Tuesday, April 08, 2008

How to Pay Off Your Residential Mortgage and Claim Interest Relief

Here is an outline a tax-efficient strategy for property investors with a mortgage on their main residence.

Now, doesn’t that sound like a great idea – getting tax relief on the mortgage interest that you pay on your main residence?

Well, you will be pleased to hear that it is possible by following a simple (and relatively unknown) tax relief and some creative financial planning.

The Basics
As most property investors are aware, it is not possible to claim interest relief on your main residence. This is because your main residence does not form part of the property business.
Therefore, because no rental income is received from your main residence, (exception being the rent-a-room-relief), you cannot claim interest relief against your income.
However, you will also be aware that you can claim interest relief on properties that form part of your property business i.e. your buy-to-let portfolio. In such instances you can offset your mortgage interest on your let properties against any rental income received.


Introducing BIM45700
BIM 45700 was first introduced by us back in October 2004. In an article, we identified how this little known strategy gave landlords the opportunity to release equity from their investment properties and offset the interest regardless of what the equity release was used for.
The only restriction is that the equity release cannot be greater than the market value of the property when it is brought into the letting business. If the property had been originally bought for letting, this amount would be the purchase cost of the property.


So How Do We Get Tax Relief on Our Main Residence?
Well there are two ways to achieve this:
Remortgaging existing buy-to-let property/portfolio
Those of you who have or are growing a buy-to-let portfolio are likely to have equity in the property. The example below shows how/when this equity can be released to give you a tax benefit.


Example
John buys a rental property for £200,000. He provides a £40,000 deposit and borrows £160,000. 5 years later the property has increased to £250,000. This means that he has £90,000 equity in the property.
He decides to remortgage the property to a value of £200,000 thus releasing £40,000 of equity from the property. He uses the £40,000 equity release to reduce the mortgage on his main residence by £40,000 and still claims interest relief on this equity release.

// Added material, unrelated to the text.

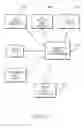 Fig. 116 - Redundantly encoded data structure for encoding a surface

Now you will be asking how is this possible?
Well, don’t forget the property was brought into the lettings business when it was purchased for £200,000. The additional amount of equity released has not taken the borrowing over £200,000, so the entire interest amount charged can still be offset against the rental income.
So, if say, for example he is paying £200 a month interest on the £40,000 then he will be able to now offset this interest against his rental income.


Result:
Reduced debt on the main residence
Borrowing moved to buy-to let property upon which interest relief can be claimed against the rental income


Now, this is just an example of a single property. Imagine if you have 2, 3, 4 properties or more and have the ability to withdraw equity as in the example shown above?

By using this same strategy on a number of properties, you could shift the entire debt from your main residence on to your buy-to-let property portfolio and claim interest relief on the entire amount!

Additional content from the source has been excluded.